A humorous story is told about an individual who was desperate for a space in a crowded parking lot. After mouthing a quick prayer to the Almighty to produce a parking space, one miraculously became available right before his eyes, whereupon he concluded, “OK, G-d, this time I found it on my own. I’ll take a rain check for another time.”
We are blessed with Divine intervention in all of the varied aspects of our lives, but we often fail to see it. Noach was different; he perceived it.
Noach – ish tzadik, a righteous individual – acknowledged the Almighty’s presence and awaited instruction both when entering and exiting the ark. Noach entered the ark after he was told, “Bo atah vechal baisecha el hateivah, come to the ark, you and your household” (7,1); and he exited only after he was so commanded, “Tzei min hateivah, leave the ark” (8,15). Noach resolutely followed both orders.
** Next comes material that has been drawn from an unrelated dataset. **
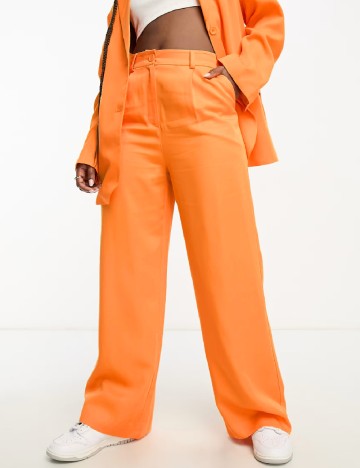 Pantaloni Monki, portocaliu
Indeed, the Midrash teaches us that after the flood subsided and the surface of the ground had dried, Noach’s sons suggested that they leave the ark, but Noach refused, maintaining that just as they entered with Divine permission, so should they exit with permission.
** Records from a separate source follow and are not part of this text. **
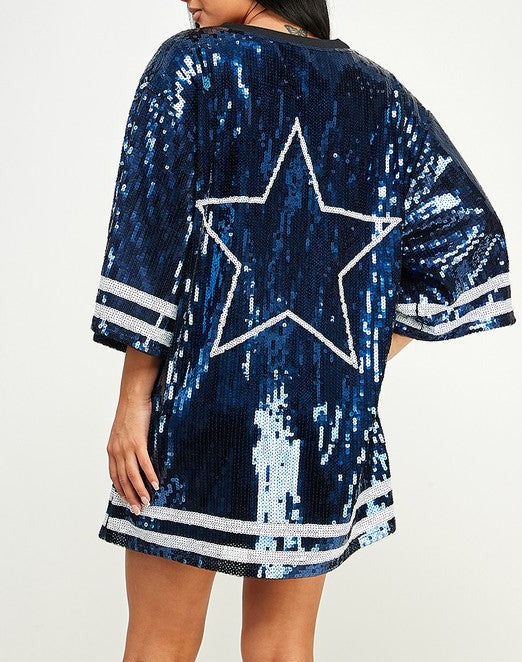 Cowboys Sequin Dress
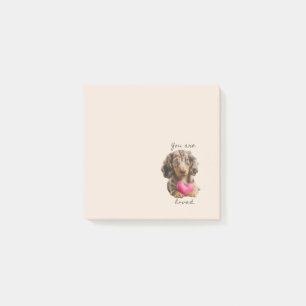 You Are Loved – Cute Dachshund Sticky Notes 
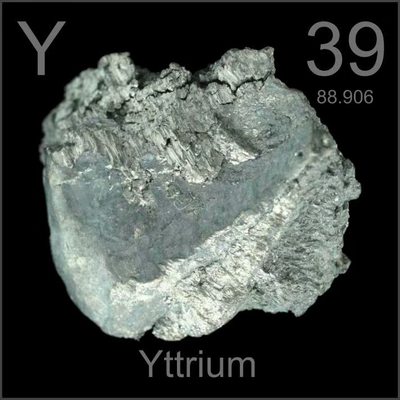 ليونة جيدة CAS 7440-65-5 Yttrium Metal 99.9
Noach placed his unwavering faith and confidence in G-d both in times of challenge and tranquility. His attitude and actions should motivate us to make the Almighty’s presence a focus in our lives – under all circumstances.
The source of our successes in life should not be misplaced; it should be attributed to its rightful source: Divine intervention. To be sure, effective parenting, for example, goes a long way in raising and nurturing a wholesome family, but ultimately the successes of our children – at home and in school – are nothing less than gifts from Hashem. But parenting is only one domain in our lives. Its application finds itself in every aspect of our lives.
The believing Jew realizes that there are no coincidences in life. And just as a parking space does not become available by chance so it is with everything in life – significant and insignificant events alike. So let’s not take anything for granted, and certainly not our successes, but we can appreciate and celebrate them.
Rabbi Simcha Dessler is menahel / education director of Hebrew Academy of Cleveland in Cleveland Heights.